Exercise -> Every line from the one holding "Retro cinese Sle" through the one holding "Comforter Storage Bag" in the data below must be returned exactly, both ends included, with pictures left out and nothing else added.

Pictures with short captions ->
= Beginning of Section =

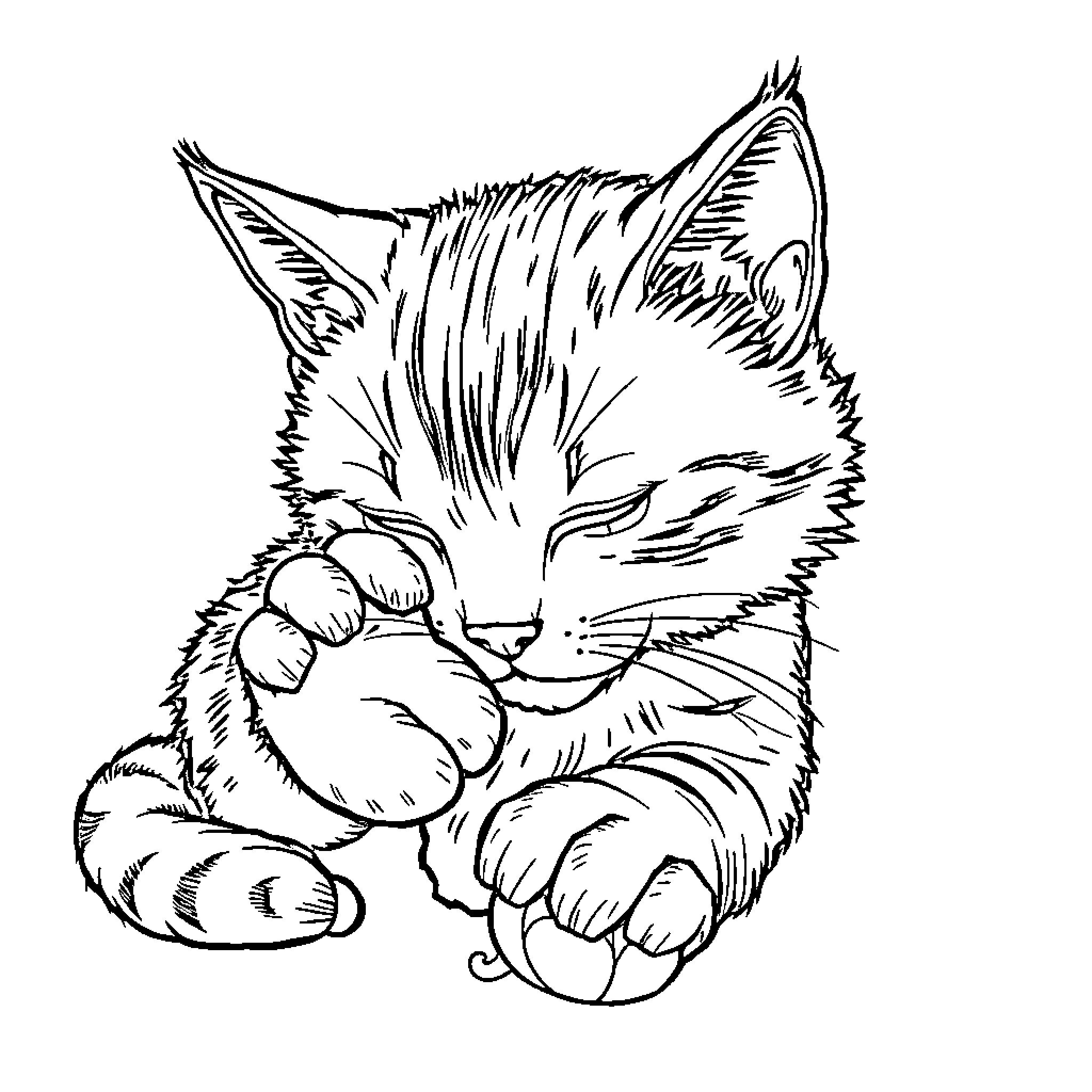 Paw-some Kitten's Cozy Cuddle Coloring Page (free black-and-white line drawing printable PDF for all, from beginners to advanced learners, including children, teens, adults, and seniors)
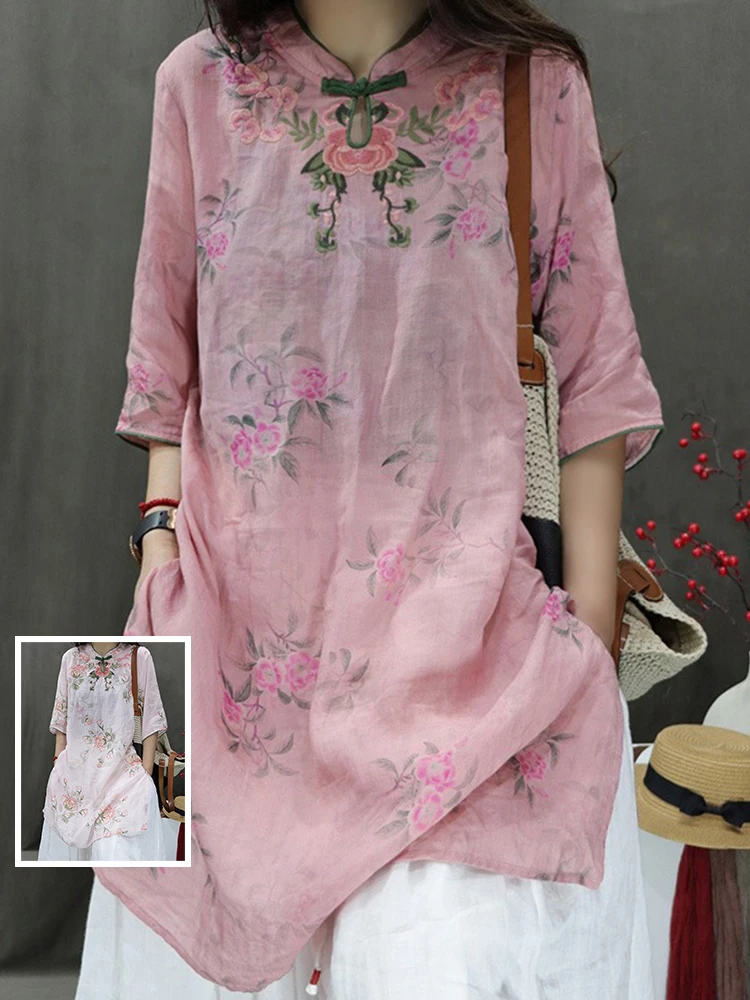 Retro cinese Sle Stampa in seta a cinque quarti Sve irt Colletto alla coreana da donna di grandi dimensioni Bottoni di media lunghezza con spacco Flor...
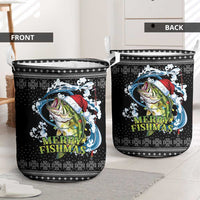 Funny Fishmas Bass Laundry Basket Fish Santa Hat Christmas Vibes - Wonder Print Shop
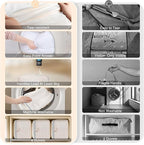 Comforter Storage Bag - 130L Blanket Storage Bags Front-opening Ultra Space Saving Self Compression Organizer, Washable Compression Bags for Storage Comforter Blanket, 1 Pack, Beige
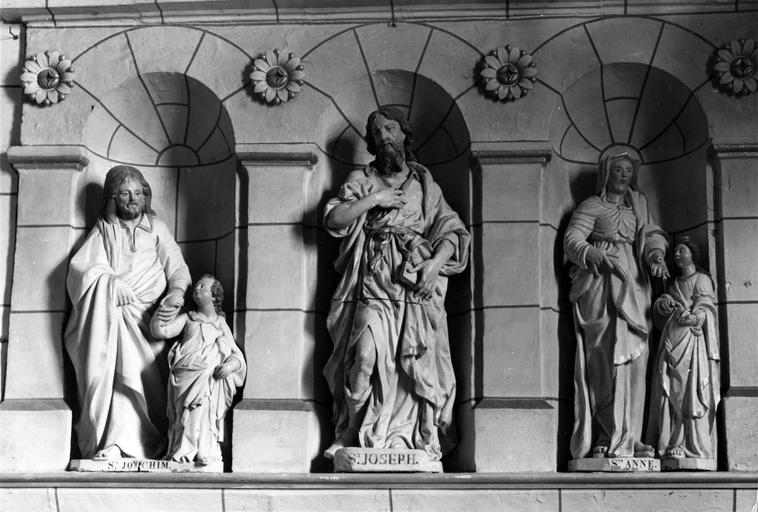 statues du retable du croisillon sud du transept : saint Joachim, saint Joseph, Education de la Vierge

= End of Section =

Solution ->
 Retro cinese Sle Stampa in seta a cinque quarti Sve irt Colletto alla coreana da donna di grandi dimensioni Bottoni di media lunghezza con spacco Flor...
 Funny Fishmas Bass Laundry Basket Fish Santa Hat Christmas Vibes - Wonder Print Shop
 Comforter Storage Bag - 130L Blanket Storage Bags Front-opening Ultra Space Saving Self Compression Organizer, Washable Compression Bags for Storage Comforter Blanket, 1 Pack, Beige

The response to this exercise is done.